Artphilein Collection on Display: Giulia Napoleone

Artphilein Collection on Display: Giulia Napoleone

On the last week of January 2016, Choisi proposes a moment of reflection on the memory displaying the artwork by Giulia Napoleone Palmira – Cittadella, from the collection of Artphilein Foundation, shown together with Claudia Wettstein’s photographs of this ancient Syrian city.

Between 2003 and 2009 Giulia Napoleone lived between Italy and Syria, where she taught painting and graphics at the P.U.S.A. University of Aleppo. In Palmira – Cittadella (2005-2007), an ink drawing on paper, the artist sublimates and condenses her suggestions and visions of the fortress of Palmyra and of the Syrian desert, a rarefied landscape once crossed by the caravans traveling on the Silk Road.

The archeological site of Palmyra has been destroyed by bombs in 2015. Claudia Wettstein’s photographs give testimony of its beauty, which now belongs only to the memory. The juxtaposition of these photos and Giulia Napoleone’s work allows a peculiar understanding of the artist’s technique and sensitivity.

Giulia Napoleone was born in Pescara in 1936. In 1957 she attended the Academy of Fine Arts in Rome and she began to experiment etching techniques. Since 1965 she has been frequenting the Sala Studio at the Calcografia Nazionale in Rome. In 1967 she specialized in engraving at the Rijksmuseum in Amsterdam. The paper is her preferred support for ink, watercolor and pastel artworks, and for her etchings and copper engravings. In parallel to her artistic researchs and achievements, Giulia Napoleone carried on an important educational activity. In 1986 and 1999, she participated in two editions of the Quadriennale Nazionale d’Arte in Rome; in 1997 the Istituto Nazionale per la Grafica dedicated to her a retrospective show; in 2001 the Fondo Giulia Napoleone was initiated at the Museum Villa dei Cedri in Bellinzona. Giulia Napoleone exhibits regularly in Italy and abroad.

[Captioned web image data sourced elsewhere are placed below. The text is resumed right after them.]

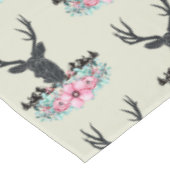 Black Deer Head met roze bloemen en bergen Tafelkleed (Gekanteld)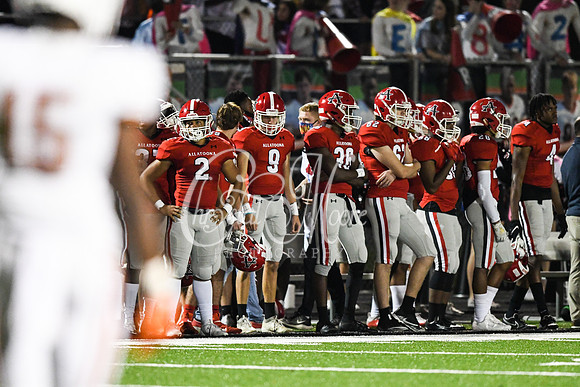 Allatoona vs Kell High School Friday Night Football action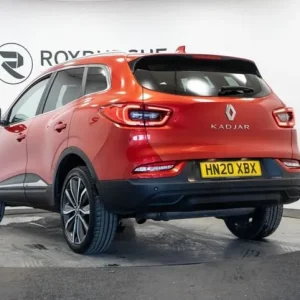 2020 Renault Kadjar 1.3 TCE 5-door SUV with 19-inch alloys and full tech - Image 5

Claudia Wettstein is a scientific illustrator of archeology. She is a founding member of the Archaeological Association in Ticino and part of the Executive Committee. For many years she participated at the archaeological missions directed by Giorgio and Marilyn Buccellati in Tell Mozan, the site of the ancient city of Urkesh, in the northeast of Syria.